The idea was to build a system that scraped web pages and stored the results in a database. His team picked Google Cloud Run, a GCP service that runs containers, for the job. They then found their code in each instance would timeout and stop as it scraped one page after the other. So, they set up a many-instance system that processed pages in parallel to get each page fetched and stored within the run-time limit.
Devs invited to bake 'Run on Google Cloud' button into git repos... By Google, of courseREAD MORE
Chauhan wrote: "To overcome the timeout limitation, I suggested using POST requests (with URL as data) to send jobs to an instance, and [to] use multiple instances in parallel instead of using one instance serially. Because each instance in Cloud Run would only be scraping one page, it would never time out, process all pages in parallel (scale), and also be highly optimized because Cloud Run usage is accurate to milliseconds."
The ex-Googler reflected that he missed the possibility of pages that link back to each other, causing "infinite recursion." It should not have mattered too much, though: he set a billing budget of $7.00 and had a Firebase database on a free plan. "The worst case we imagined was exceeding the daily free Firestore limits," he said. Further, the credit card for the account had a spending limit of $100.
Unfortunately, a billing budget "does not automatically cap Google Cloud or Google Maps Platform usage/spending," according to the docs.
While Chauhan was asleep after a day of testing, Google sent an automated email informing him that his free Firebase plan had been "upgraded due to activity in Google Cloud," and that this "initiated billing" for the project.
He discovered multiple issues with the GCP cost controls. "Billing takes about a day to be synced, and that's why we noticed the charges the next day," Chauhan said. Next, the "Firebase Dashboard took more than 24 hours to update," he said.

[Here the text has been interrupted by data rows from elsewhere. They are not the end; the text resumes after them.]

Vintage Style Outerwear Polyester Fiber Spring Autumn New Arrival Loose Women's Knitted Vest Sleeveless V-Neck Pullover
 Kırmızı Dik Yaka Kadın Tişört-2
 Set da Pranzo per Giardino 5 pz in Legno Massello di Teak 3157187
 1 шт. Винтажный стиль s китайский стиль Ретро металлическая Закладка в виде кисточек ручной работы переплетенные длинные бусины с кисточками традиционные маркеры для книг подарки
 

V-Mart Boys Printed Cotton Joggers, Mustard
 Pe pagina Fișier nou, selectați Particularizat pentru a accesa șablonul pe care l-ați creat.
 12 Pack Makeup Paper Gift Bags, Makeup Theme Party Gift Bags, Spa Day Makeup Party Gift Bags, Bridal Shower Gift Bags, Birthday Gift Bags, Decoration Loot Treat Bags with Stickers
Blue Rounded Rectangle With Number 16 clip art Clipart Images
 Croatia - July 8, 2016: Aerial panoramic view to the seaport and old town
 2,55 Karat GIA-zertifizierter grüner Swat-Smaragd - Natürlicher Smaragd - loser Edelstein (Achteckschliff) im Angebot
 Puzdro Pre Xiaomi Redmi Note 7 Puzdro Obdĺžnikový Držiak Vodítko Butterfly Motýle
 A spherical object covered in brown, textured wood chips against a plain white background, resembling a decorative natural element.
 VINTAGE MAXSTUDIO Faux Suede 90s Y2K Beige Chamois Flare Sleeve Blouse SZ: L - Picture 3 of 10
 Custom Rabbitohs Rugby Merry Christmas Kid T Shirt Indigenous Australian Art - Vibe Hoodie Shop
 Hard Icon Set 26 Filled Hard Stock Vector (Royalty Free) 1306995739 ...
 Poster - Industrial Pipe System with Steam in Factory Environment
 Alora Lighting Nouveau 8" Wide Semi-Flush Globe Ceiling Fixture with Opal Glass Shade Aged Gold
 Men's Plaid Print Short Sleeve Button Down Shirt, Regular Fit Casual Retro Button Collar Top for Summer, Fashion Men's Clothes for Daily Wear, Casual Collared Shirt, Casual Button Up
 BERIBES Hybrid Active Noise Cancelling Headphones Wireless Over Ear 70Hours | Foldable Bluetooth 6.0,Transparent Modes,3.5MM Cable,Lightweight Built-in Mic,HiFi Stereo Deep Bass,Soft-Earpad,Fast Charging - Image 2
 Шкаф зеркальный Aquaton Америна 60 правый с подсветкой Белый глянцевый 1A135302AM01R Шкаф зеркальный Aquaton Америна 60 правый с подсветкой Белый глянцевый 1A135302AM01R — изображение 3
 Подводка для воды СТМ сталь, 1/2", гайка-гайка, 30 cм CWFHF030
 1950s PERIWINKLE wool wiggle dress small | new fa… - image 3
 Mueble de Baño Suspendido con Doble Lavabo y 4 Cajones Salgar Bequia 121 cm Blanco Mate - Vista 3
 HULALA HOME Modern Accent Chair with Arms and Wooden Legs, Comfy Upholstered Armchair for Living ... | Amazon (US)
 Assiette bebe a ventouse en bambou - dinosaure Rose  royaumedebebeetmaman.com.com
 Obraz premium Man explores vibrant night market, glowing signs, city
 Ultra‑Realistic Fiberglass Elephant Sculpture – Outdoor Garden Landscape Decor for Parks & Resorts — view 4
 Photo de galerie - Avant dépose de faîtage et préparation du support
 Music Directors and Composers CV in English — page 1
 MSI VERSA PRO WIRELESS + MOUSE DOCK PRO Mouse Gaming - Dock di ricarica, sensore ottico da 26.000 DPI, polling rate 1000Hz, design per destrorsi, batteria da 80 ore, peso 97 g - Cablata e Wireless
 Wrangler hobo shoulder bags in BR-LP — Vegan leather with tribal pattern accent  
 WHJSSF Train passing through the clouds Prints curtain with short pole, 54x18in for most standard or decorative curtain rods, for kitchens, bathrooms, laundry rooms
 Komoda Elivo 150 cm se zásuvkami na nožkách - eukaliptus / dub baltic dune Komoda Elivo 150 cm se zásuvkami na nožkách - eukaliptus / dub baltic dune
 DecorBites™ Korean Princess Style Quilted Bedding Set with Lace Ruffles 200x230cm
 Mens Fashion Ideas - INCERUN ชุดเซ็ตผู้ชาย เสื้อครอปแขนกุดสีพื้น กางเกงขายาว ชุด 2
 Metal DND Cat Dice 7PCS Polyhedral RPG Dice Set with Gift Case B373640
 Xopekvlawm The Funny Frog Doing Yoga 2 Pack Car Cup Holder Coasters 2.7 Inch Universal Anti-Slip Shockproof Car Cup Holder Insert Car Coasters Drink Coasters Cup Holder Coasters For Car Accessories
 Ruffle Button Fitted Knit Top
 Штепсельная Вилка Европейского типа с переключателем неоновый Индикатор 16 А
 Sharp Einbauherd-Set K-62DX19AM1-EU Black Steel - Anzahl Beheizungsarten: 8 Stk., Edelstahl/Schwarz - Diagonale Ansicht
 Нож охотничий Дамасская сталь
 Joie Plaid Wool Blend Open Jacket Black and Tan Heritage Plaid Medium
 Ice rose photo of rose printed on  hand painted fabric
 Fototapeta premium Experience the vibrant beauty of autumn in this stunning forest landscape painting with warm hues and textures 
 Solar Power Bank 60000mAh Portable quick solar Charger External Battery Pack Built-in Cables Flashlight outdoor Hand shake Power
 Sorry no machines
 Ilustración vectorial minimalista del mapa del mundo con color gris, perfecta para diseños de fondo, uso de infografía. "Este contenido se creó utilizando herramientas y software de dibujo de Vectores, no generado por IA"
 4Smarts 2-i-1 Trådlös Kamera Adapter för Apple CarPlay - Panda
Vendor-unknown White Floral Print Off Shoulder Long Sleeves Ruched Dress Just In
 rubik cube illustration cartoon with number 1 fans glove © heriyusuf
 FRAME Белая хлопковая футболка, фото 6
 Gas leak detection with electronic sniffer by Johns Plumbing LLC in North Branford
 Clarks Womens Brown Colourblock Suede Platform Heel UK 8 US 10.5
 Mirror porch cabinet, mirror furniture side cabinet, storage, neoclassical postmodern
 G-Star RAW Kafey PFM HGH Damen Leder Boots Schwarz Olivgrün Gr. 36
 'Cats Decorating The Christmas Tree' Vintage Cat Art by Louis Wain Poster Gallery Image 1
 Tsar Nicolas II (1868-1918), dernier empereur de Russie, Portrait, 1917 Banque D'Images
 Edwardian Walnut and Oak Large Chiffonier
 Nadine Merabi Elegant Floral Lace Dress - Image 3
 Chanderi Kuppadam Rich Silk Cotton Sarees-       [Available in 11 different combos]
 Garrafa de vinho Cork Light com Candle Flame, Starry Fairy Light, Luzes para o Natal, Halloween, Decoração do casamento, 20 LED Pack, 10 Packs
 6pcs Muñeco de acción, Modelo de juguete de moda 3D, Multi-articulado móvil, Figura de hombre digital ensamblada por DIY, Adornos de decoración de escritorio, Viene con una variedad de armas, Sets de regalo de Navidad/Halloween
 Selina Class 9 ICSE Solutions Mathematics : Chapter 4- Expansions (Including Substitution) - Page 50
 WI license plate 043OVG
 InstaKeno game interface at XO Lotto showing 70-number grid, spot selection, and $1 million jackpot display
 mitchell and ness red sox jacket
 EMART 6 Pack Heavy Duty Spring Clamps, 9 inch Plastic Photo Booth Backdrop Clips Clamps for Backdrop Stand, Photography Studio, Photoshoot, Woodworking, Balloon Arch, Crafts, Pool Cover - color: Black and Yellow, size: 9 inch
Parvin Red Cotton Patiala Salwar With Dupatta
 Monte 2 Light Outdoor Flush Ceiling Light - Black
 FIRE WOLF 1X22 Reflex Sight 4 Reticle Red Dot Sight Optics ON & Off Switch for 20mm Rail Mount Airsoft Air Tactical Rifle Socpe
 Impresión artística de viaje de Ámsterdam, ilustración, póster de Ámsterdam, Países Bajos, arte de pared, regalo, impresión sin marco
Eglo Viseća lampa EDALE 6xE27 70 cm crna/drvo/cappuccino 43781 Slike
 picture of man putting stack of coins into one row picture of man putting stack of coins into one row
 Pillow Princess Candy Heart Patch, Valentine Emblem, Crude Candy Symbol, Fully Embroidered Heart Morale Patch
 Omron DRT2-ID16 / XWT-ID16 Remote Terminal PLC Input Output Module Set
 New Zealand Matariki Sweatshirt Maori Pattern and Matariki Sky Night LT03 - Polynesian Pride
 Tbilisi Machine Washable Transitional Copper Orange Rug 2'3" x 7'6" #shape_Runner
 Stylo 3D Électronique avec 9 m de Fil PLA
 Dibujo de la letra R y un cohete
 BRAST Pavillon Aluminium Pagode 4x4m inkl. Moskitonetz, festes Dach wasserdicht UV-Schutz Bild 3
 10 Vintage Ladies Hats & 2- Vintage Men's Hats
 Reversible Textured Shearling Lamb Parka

This meant that the dashboard showed usage within the daily limit, when it was, he said, "86 million percentage points" more than what was shown.
Billing takes about a day to be synced, and that's why we noticed the charges the next day
The GCP Cloud Run defaults also played their part. "The max-instances is preset to 1,000, and concurrency set to 80," he said. If he had corrected this to small values like 2 and 1, the bill shock would not have occurred.
Thanks to these settings, "running [out] this version of Hello World deployment on Cloud Run made 116 billion reads and 33 million writes to Firestore," said Chauhan.
Most of the cost was down to Firebase read operations, even at just $0.06 per 100,000. Multiply that by 116 billion and you get $69,600. There was also the small matter of 16,000 hours of Cloud Run Compute time, partly because the application did not delete the services but left them "in background process".
The performance of the buggy code was impressive in its way. "At the peak, Firebase was able to handle about one billion reads per minute," he said, while Cloud Run with concurrency "can handle 9 million requests per minute".
"Fail fast, learn fast with cloud is a bad idea," Chauhan concluded. "If you count the number of pages in GCP documentation, it's probably more than pages in [a] few novels. Understanding pricing, usage, is not only time consuming, but requires a deep understanding of how cloud services work."
There is a happy ending. "After going through our lengthy doc on this incident sharing our side of the story, various consults, talks, and internal discussions, Google let go of our bill as a one-time gesture," said Chauhan.
Such leniency cannot be relied upon. Auto-scaling and on-demand computing has downsides, and working out what something will cost is challenging. Caution is advised. ®